Desaparecimentos também aumentam especulações
Além das mortes, pesquisadores e entusiastas da ufologia também acompanham relatos de desaparecimentos considerados misteriosos.
Segundo informações divulgadas em fóruns e comunidades especializadas, pelo menos oito casos de desaparecimento envolvendo pessoas ligadas ao tema foram registrados desde 2024. Entre os episódios mais comentados está o do William Neil McCasland. Ele desapareceu após sair de sua residência em Albuquerque, nos Estados Unidos, em fevereiro deste ano.
De acordo com relatos divulgados nas redes sociais, McCasland deixou pertences pessoais para trás antes de desaparecer, fato que ampliou ainda mais as especulações envolvendo o caso.

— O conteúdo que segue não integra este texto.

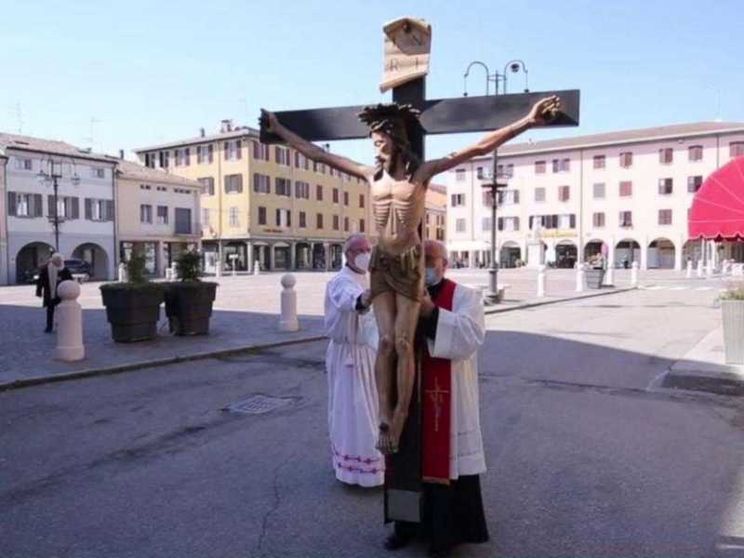 La Via Crucis a Brescello con il "Cristo parlante" di don Camillo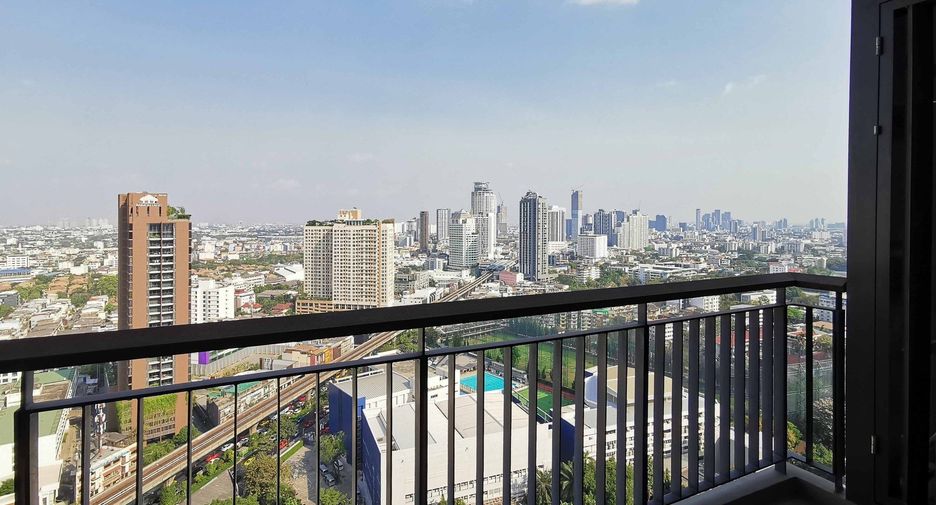 For rent 2 bedrooms condo in Khlong Toei, Bangkok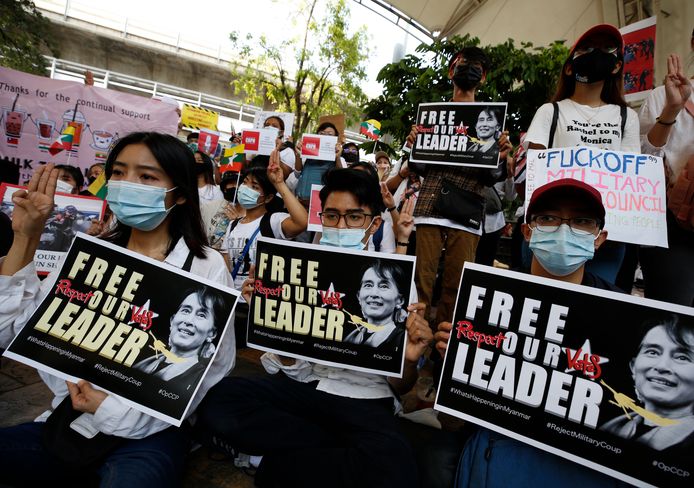 Myanmarezen in Thailand demonstreren voor de terugkeer van hun verkozen leider.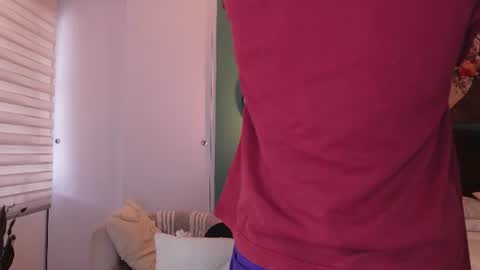Snapshot of erisleon chatting on July 23, 2026, 2:15 pm online show from July 23, 2026, 2:15 pm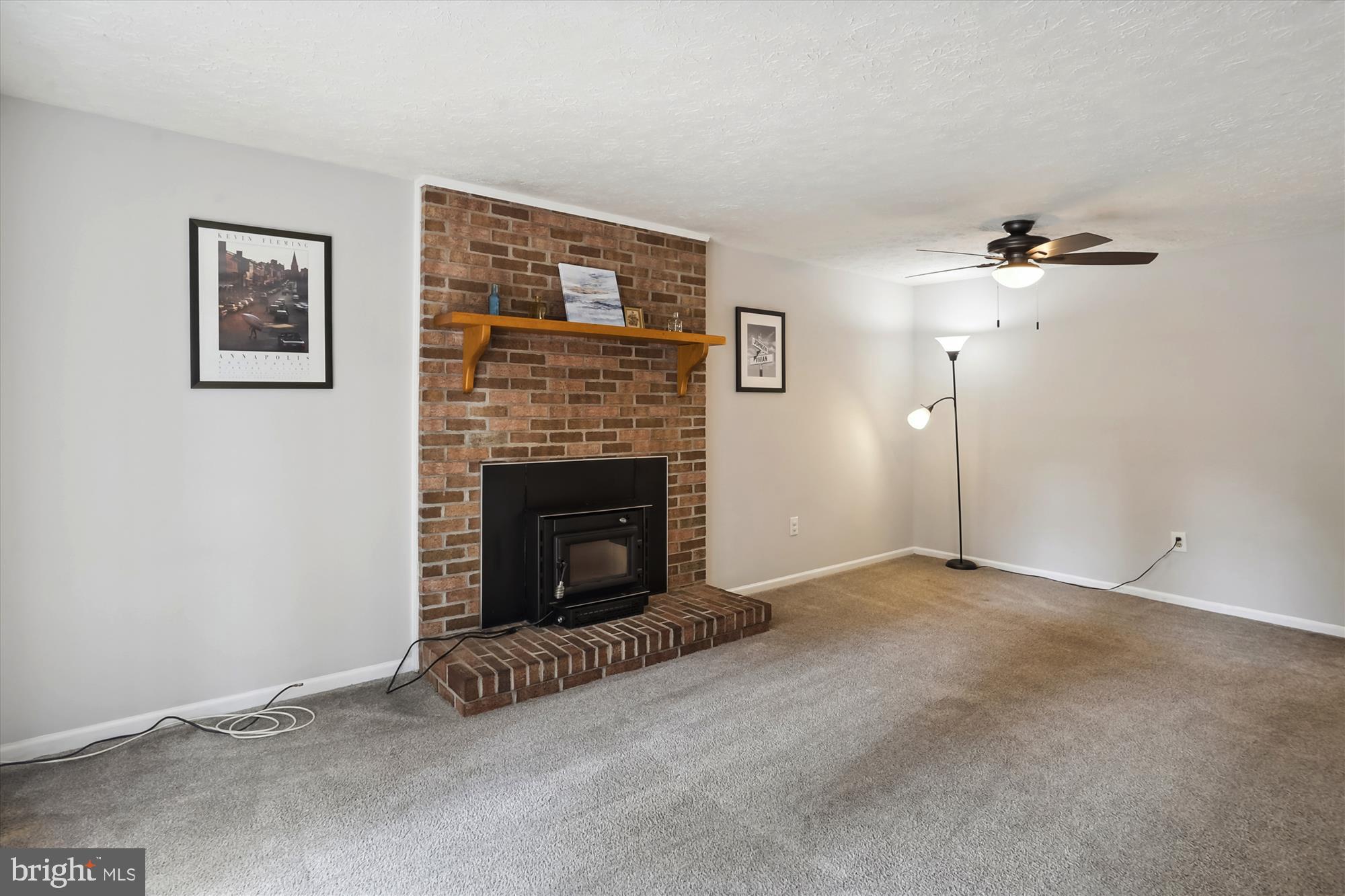 1125 Windmill Lane Silver Spring, MD 20905 - Photo 15 of 37 Family room just off the kitchen!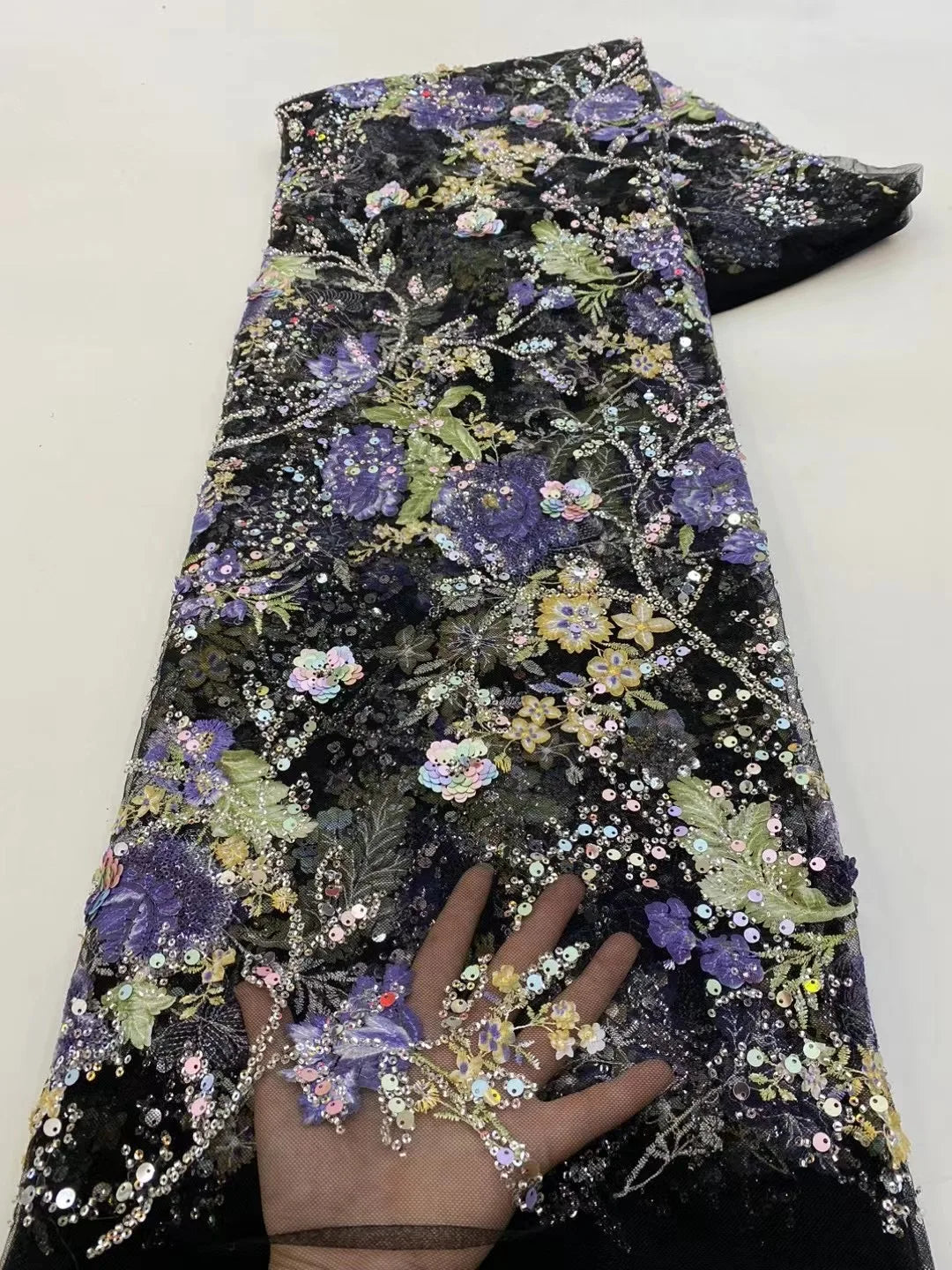 tissu dentelle floral sequins multicolore brodé polyester coton translucide robe mariage paillette couture environnementalité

Dakila comenta repercussão sobre casos ligados à ufologia
A Dakila Pesquisas, criada por Urandir Fernandes de Oliveira, acompanham há anos debates relacionados a fenômenos considerados inexplicáveis pela ciência tradicional. Diante da repercussão dos casos nas redes sociais, Urandir comentou o assunto e fez uma declaração que chamou atenção entre seguidores do tema: “O que está por vir poderá mudar tudo o que você entende como realidade”.
Casos seguem sem respostas definitivas
Até o momento, nenhuma investigação oficial confirmou ligação direta entre as mortes ou desaparecimentos e os estudos realizados pelos pesquisadores.
Mesmo assim, a combinação de relatos, documentos incompletos, declarações controversas e o interesse crescente do público mantém o tema vivo em debates, vídeos e produções digitais.
Por isso, os casos continuam despertando curiosidade entre estudiosos e pessoas interessadas em fenômenos extraterrestres, especialmente diante do aumento das discussões globais sobre OVNIs e possíveis inteligências além da Terra.